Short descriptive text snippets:

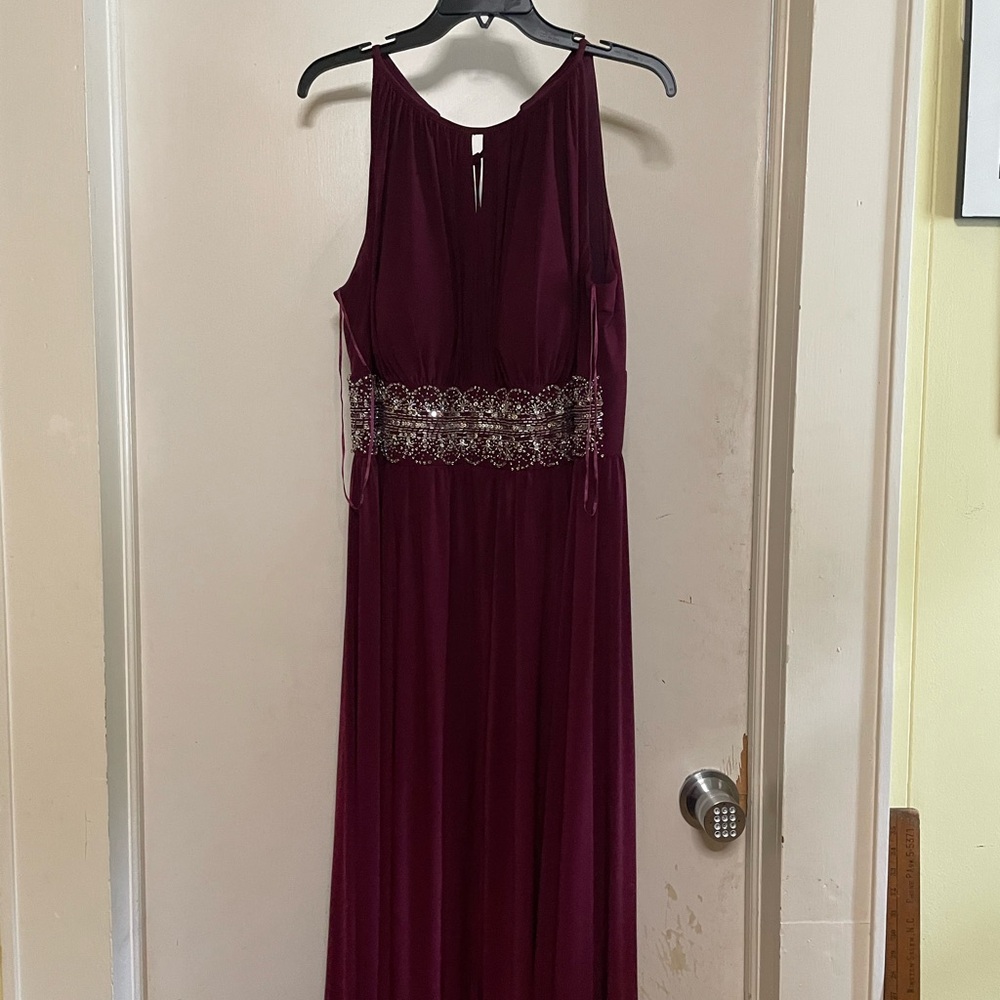 Elegant Burgundy Evening Gown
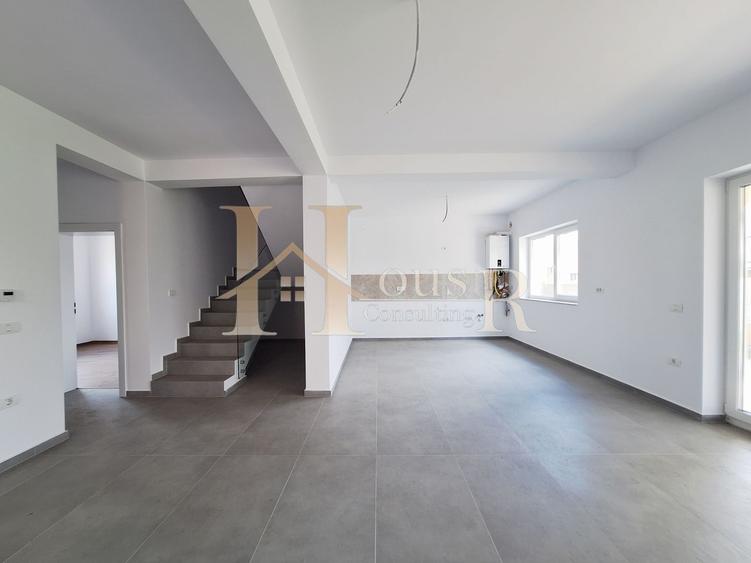 Duplex cu 5 camere cu Canalizare în Moșnița Nouă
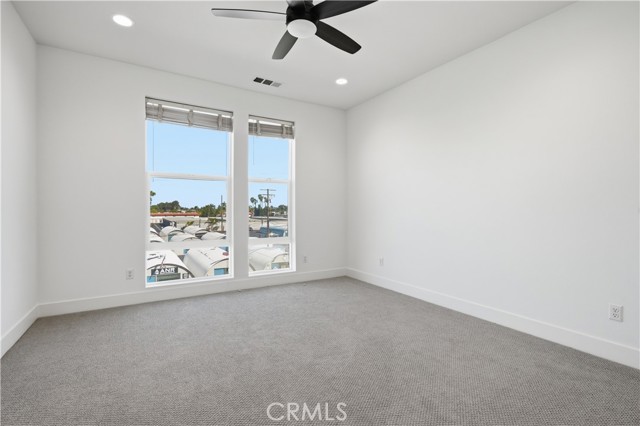 Detail Gallery Image 12 of 22 For 669 W 17th St, Costa Mesa,  CA 92627 - 2 Beds | 3/1 Baths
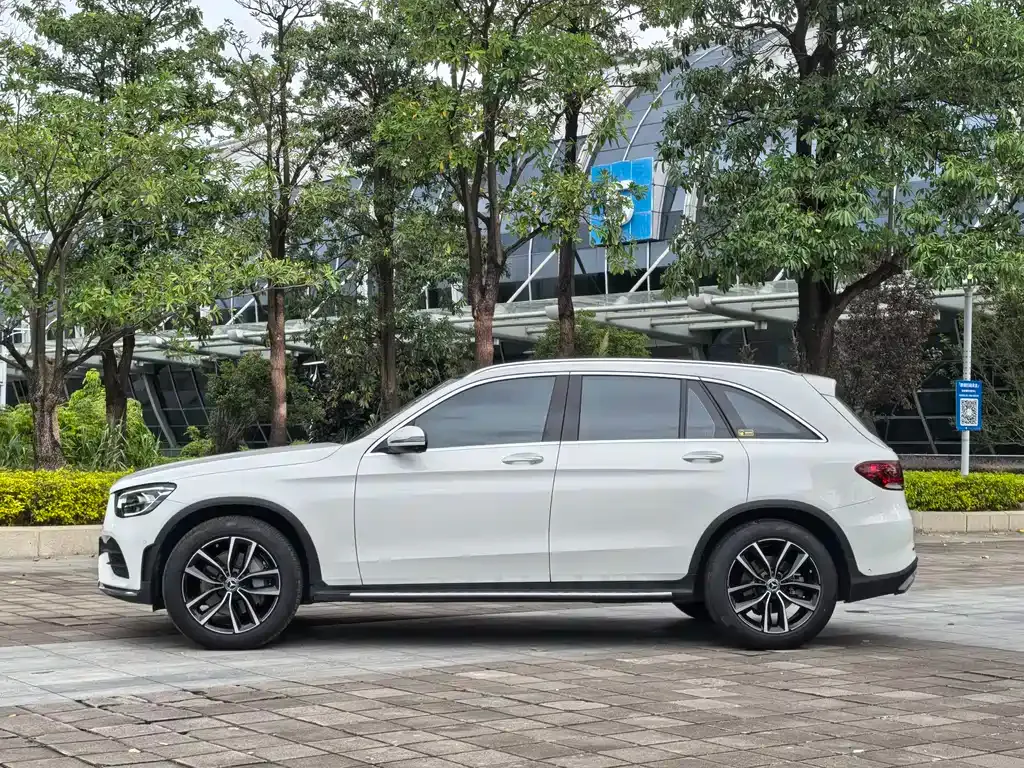 Mercedes-Benz GLC 2022 из CN, фото 3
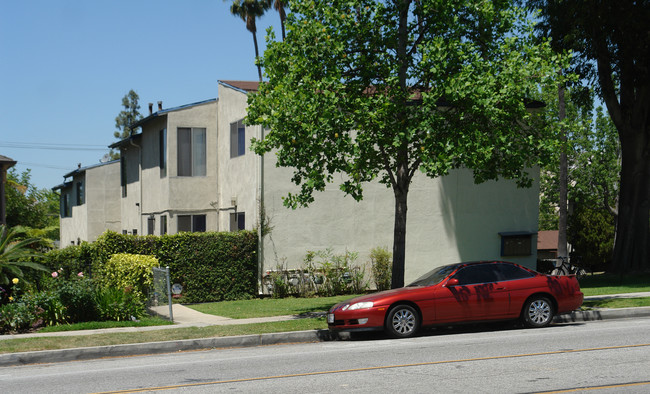 180 E Fillmore St in Pasadena, CA - Foto de edificio - Building Photo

*Problem to work on:*
Every line from the one with "Duplex cu 5" through the last line of the data must be copied exactly. Leave the pictures out.

*Solution for this exercise:*
 Duplex cu 5 camere cu Canalizare în Moșnița Nouă
 Detail Gallery Image 12 of 22 For 669 W 17th St, Costa Mesa,  CA 92627 - 2 Beds | 3/1 Baths
 Mercedes-Benz GLC 2022 из CN, фото 3
 180 E Fillmore St in Pasadena, CA - Foto de edificio - Building Photo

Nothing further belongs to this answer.